Novo Ano, o desejo de sempre

Crónica de Opinião
Quinta-feira, 28 Dezembro 2017
Novo Ano, o desejo de sempre
  • Eduardo Luciano

 

 

Há quem viva a vida a olhar para o retrovisor e há que não tenha retrovisores na vida que vive.

Esta é aquela crónica fatídica em que é preciso decidir se fazemos o balanço do ano que finda ou se nos arriscamos a olhar para o que agora começa.

O balanço do que passou é mais seguro, permite jogar pela certa e evita a perspectiva de lidar com a incerteza e com as expectativas, essas coveiras da esperança.

Que queremos nós do ano que agora vai começar? Os mesmo desejos de sempre? A mesma ambição de muita saúde e prosperidade? Aquela viagem que nunca fizemos, aquele livro que nunca escrevemos, aquela atitude que nunca tomámos?

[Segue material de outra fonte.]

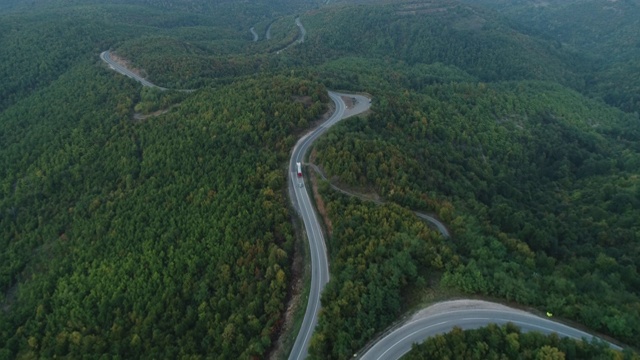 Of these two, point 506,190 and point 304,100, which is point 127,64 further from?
point 506,190

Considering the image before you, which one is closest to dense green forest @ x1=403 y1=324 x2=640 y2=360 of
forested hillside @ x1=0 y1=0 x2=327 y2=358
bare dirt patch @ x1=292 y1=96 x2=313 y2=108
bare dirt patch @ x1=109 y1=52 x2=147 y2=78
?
forested hillside @ x1=0 y1=0 x2=327 y2=358

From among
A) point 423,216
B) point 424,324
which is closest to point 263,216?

Os desejos de ano novo deveriam ser sempre marcados pela possibilidade de os concretizarmos e não pela intenção de o fazermos, mas isso implicaria levantarmo-nos do sofá e fazermos e nem sempre estamos preparados pra tal trabalheira.

Este será o ano decisivo para se perceber até onde poderá ir a recuperação de direitos, que a perspectiva da solução política encontrada em 2015 nos prometeu. Será o ano em que a linha traçada pelo partido do governo, de ir tão longe quanto possível sem por em causa os ditames da União Europeia, sem promover a ruptura com a política seguida nos últimos quarenta e dois anos.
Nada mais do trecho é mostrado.